**Work task**
Please reproduce the data exactly, though every picture must stay out.

**Source records**
######
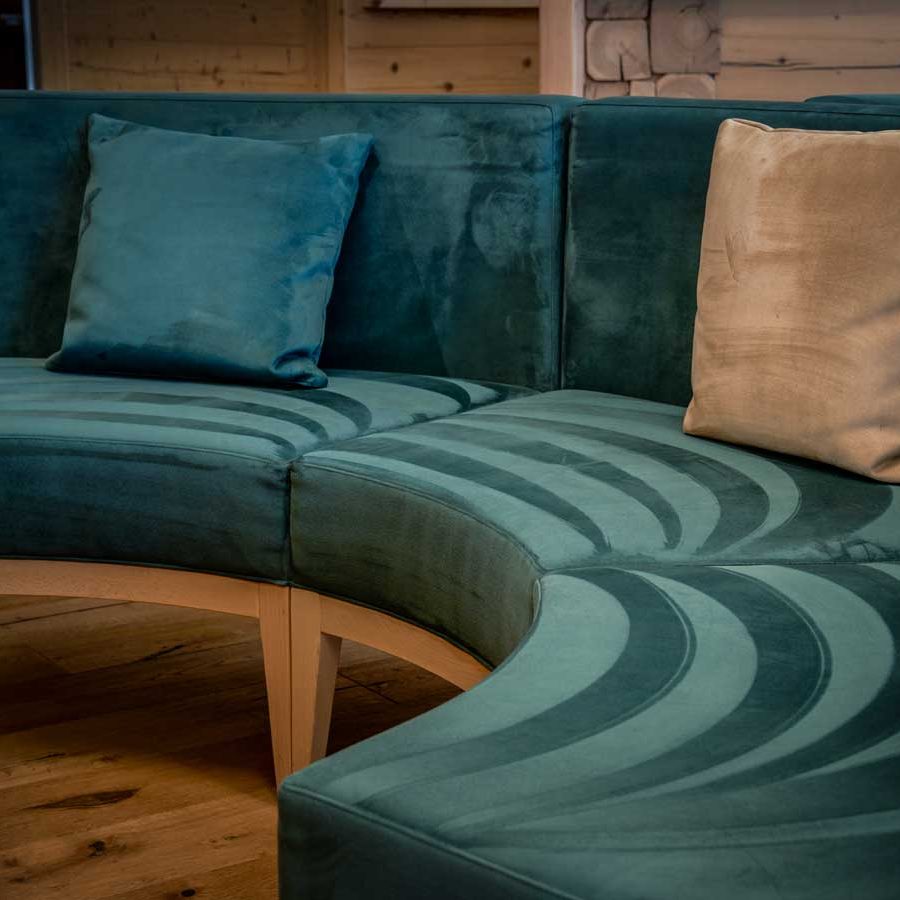 Sala relax hotel kristiania a mezzana val di sole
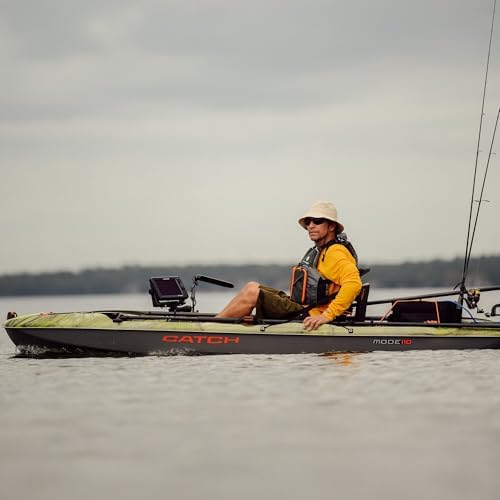 Pelican Catch Mode 110 Kayak - Image 6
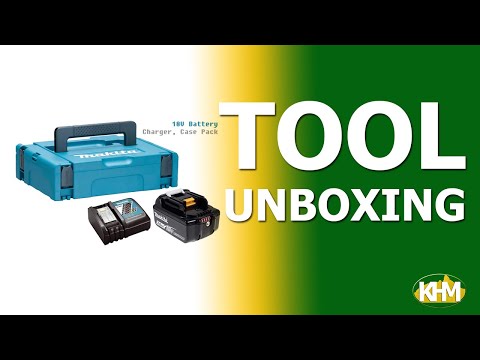 Makita MKP1RF181 18V LXT Power Source Kit / Battery & Charger Set (3.0Ah)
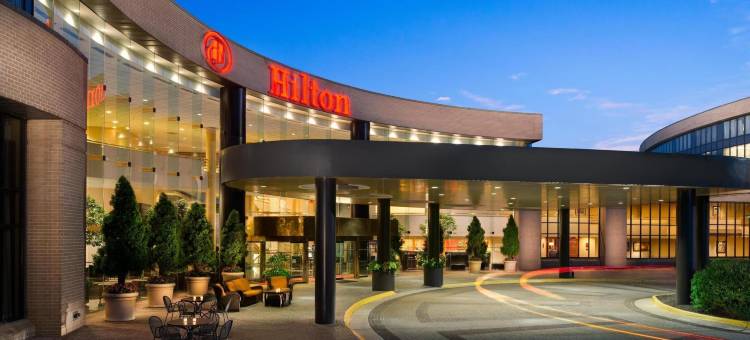 华盛顿杜勒斯机场希尔顿酒店(Hilton Washington Dulles Airport)图片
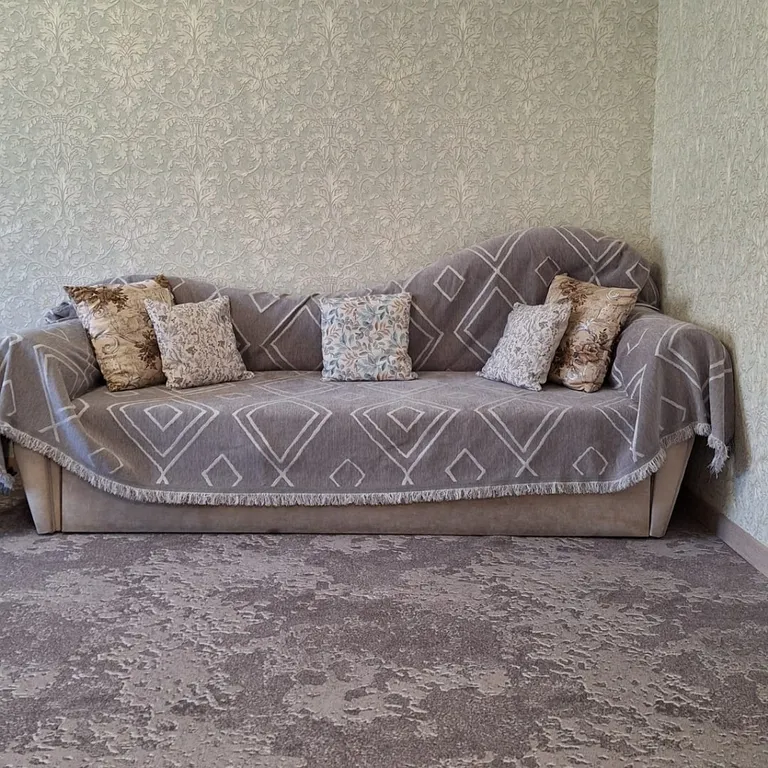 Уютная и теплая квартира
######
**Solution below**
 Sala relax hotel kristiania a mezzana val di sole
 Pelican Catch Mode 110 Kayak - Image 6
 Makita MKP1RF181 18V LXT Power Source Kit / Battery & Charger Set (3.0Ah)
 华盛顿杜勒斯机场希尔顿酒店(Hilton Washington Dulles Airport)图片
 Уютная и теплая квартира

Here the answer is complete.